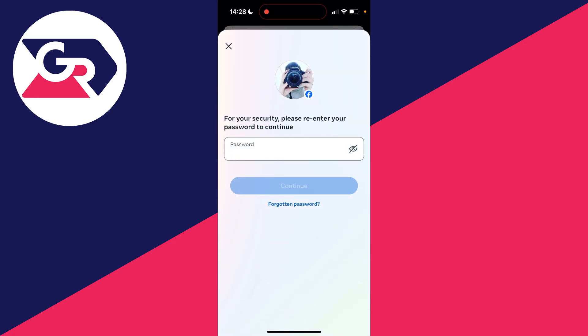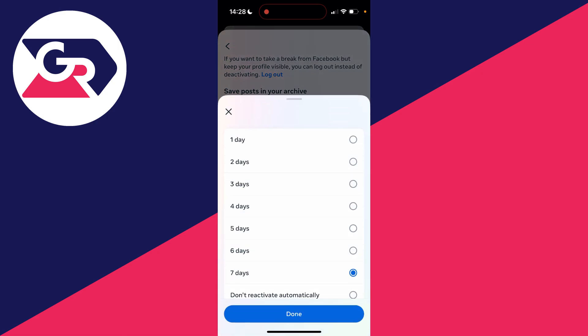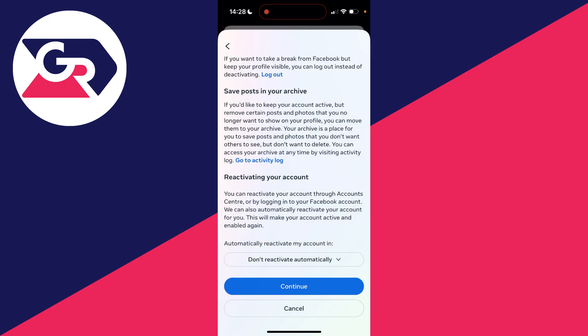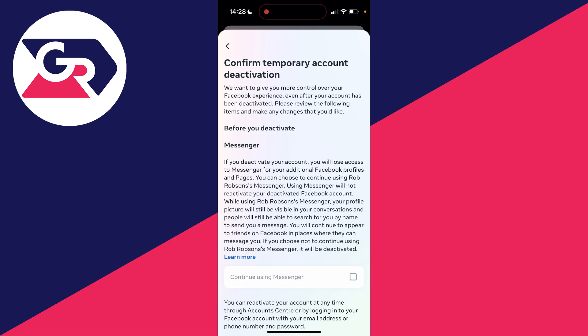You need to enter your password. At the bottom, you can choose if you want your account to be automatically reactivated. In this case, I want it to not be automatically reactivated, so I'll select that option — but that's going to be up to you.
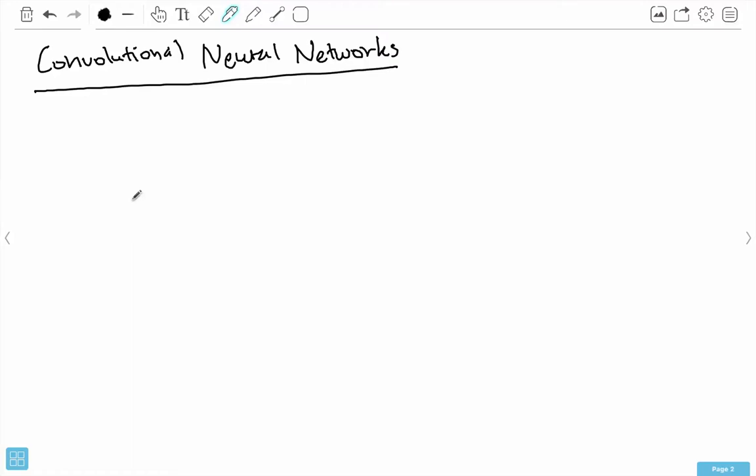Hello everybody, my name is Baha Deshpande, and in this video I want to give you an introduction to a special kind of neural network called a convolutional neural network, most commonly abbreviated as CNN. We're going to see that it addresses some of the issues we were having with trying to use plain vanilla neural networks for vision tasks like image classification.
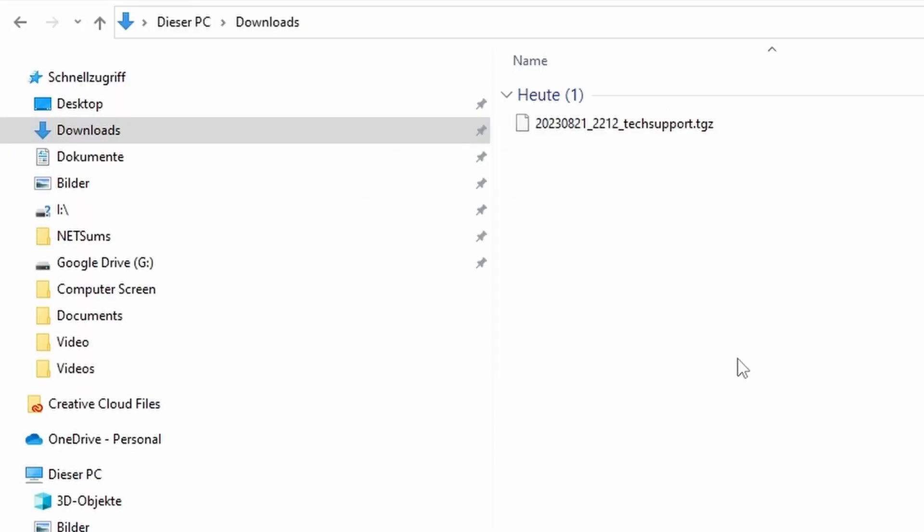After the download is done, you can see a file on your downloads folder. And this is the file that you should be sending to the Palo Alto support.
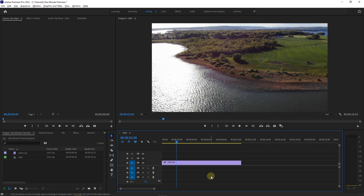How to add an adjustment layer. To begin, I created this timeline and I want to add an adjustment layer to it.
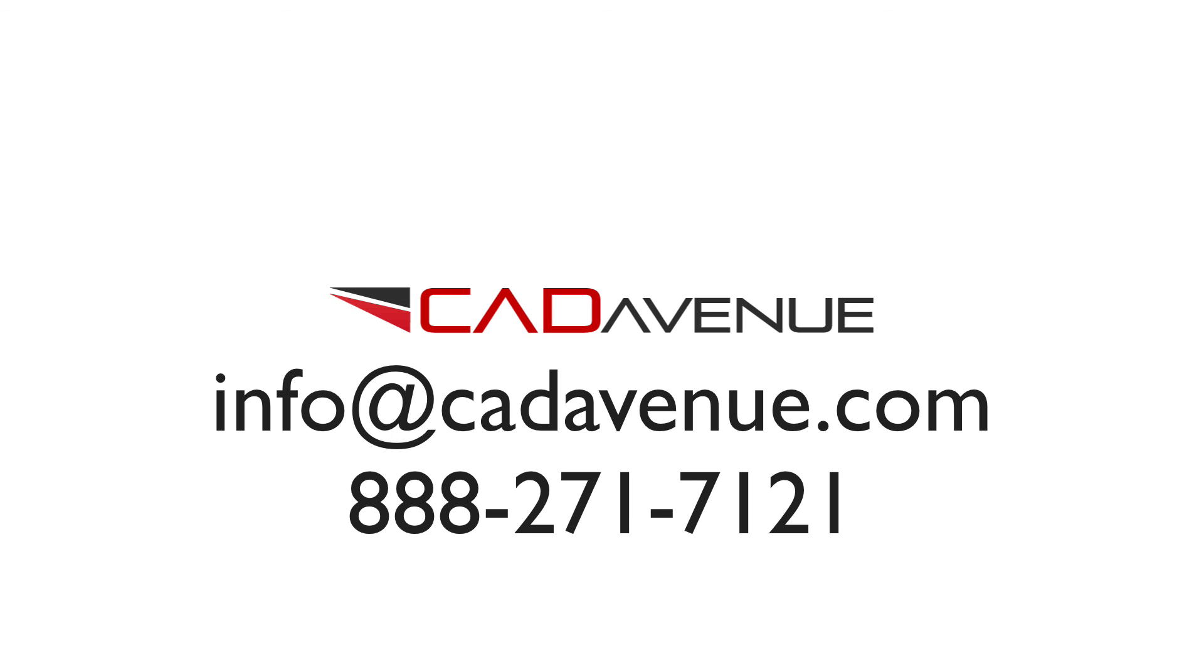And it can call us at 888-271-7121. And we'll see you in the next video. Bye.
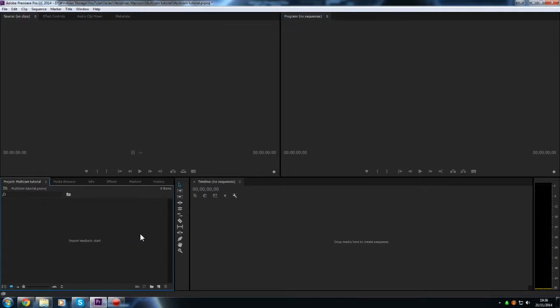Hello and welcome to the fifth episode of this beginner guide tutorial series for Premiere Pro. Today I'm going to be showing you how you can use multi-cameras within your workflow.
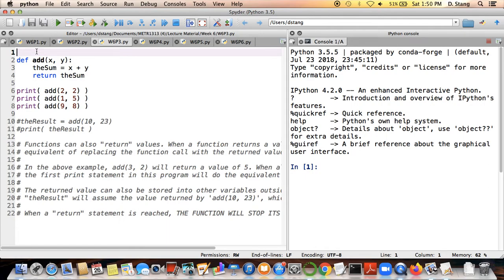Hello class, welcome to the next segment in the week 6 material. In this segment we're going to take a look at how we can get information out of a function when we tell a function to run.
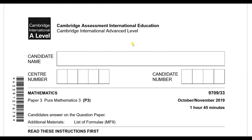Hello and welcome back to another video. In this video we are going to solve another past year paper of pure mathematics 3 from October November 2019, 9709, and the code is 33. We are going to solve only the first four questions in this video and the rest in the next videos. So let us start with the first question.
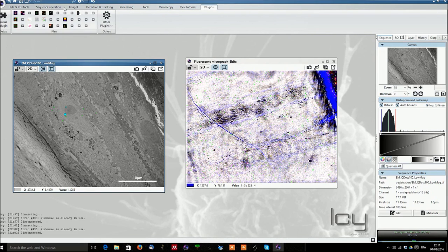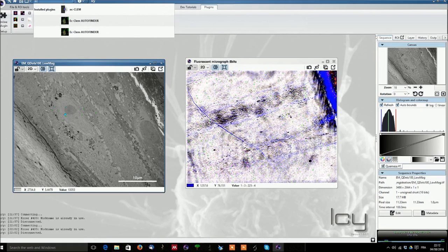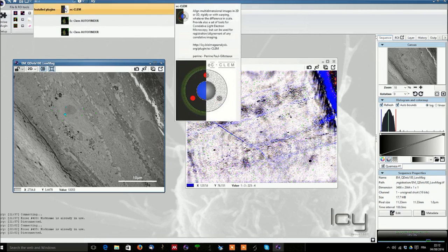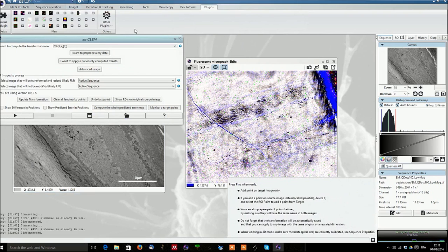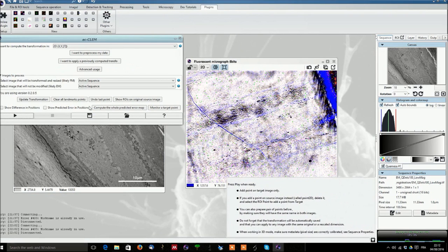Last but not least if you want to launch a plugin or search for plugin go into the search bar and type the plugin of interest here in that case ECCLAM and you can just simply start the ECCLAM plugin and start doing your image processing or image registration.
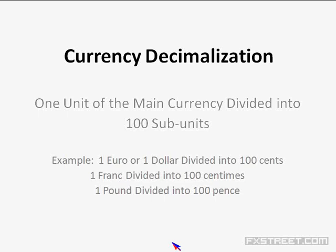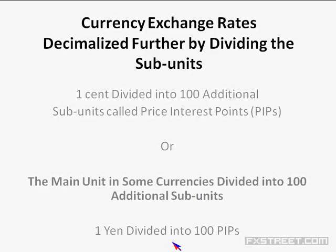Through currency decimalization, one unit of the main currency is divided into 100 subunits — one euro or one dollar into 100 cents, one Swiss franc into 100 centimes, one pound into 100 pence. For even further precision with currency exchange rates, those subunits are divided into an additional 100 subunits called price interest points, or PIPs. So one cent is divided into 100 additional subunits called PIPs. With the Japanese yen, the main unit is divided directly into 100 PIPs.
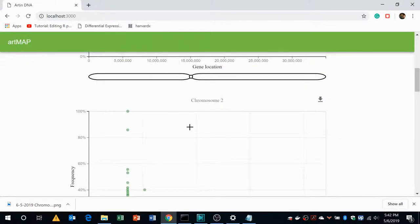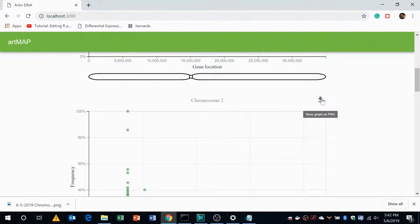Moreover, you can also download the graphs, each of these graphs by clicking on this download button.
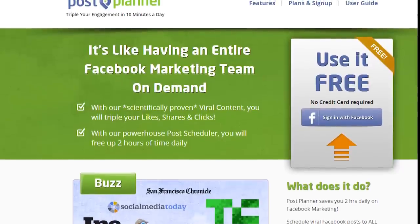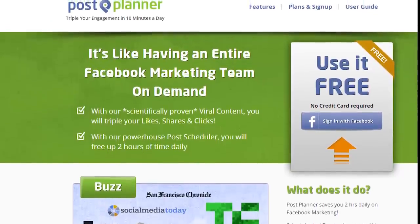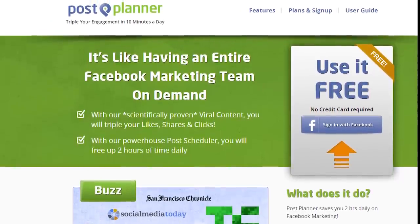Another option is you can use third-party tools such as Post Planner. Post Planner will basically pull all the content based on your niche, based on the keyword, and sort it for you, so you can easily spend some time scheduling and posting it on a systematic basis.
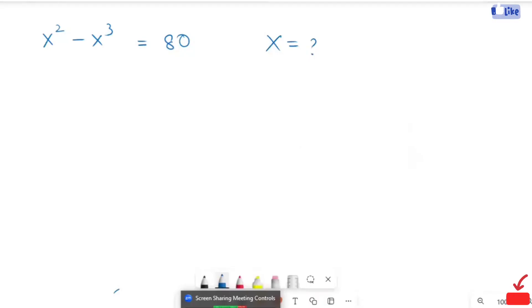Hi everybody. I am going to answer my little demo question. x squared times x squared is equals to 18. Here we are going to find the value of x plus from this equation.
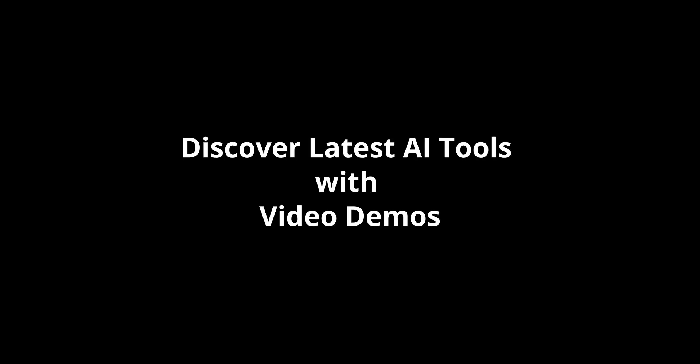Discover latest AI tools with video demos. Visit aidemos.com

_What you will do_: Each line from the beginning of the entries up to and including the one containing "How to add an" must be restated exactly. Pictures are to be left out.

_Result of the task_:
You need to enter your password. At the bottom, you can choose if you want your account to be automatically reactivated. In this case, I want it to not be automatically reactivated, so I'll select that option — but that's going to be up to you.
Hello everybody, my name is Baha Deshpande, and in this video I want to give you an introduction to a special kind of neural network called a convolutional neural network, most commonly abbreviated as CNN. We're going to see that it addresses some of the issues we were having with trying to use plain vanilla neural networks for vision tasks like image classification.
After the download is done, you can see a file on your downloads folder. And this is the file that you should be sending to the Palo Alto support.
How to add an adjustment layer. To begin, I created this timeline and I want to add an adjustment layer to it.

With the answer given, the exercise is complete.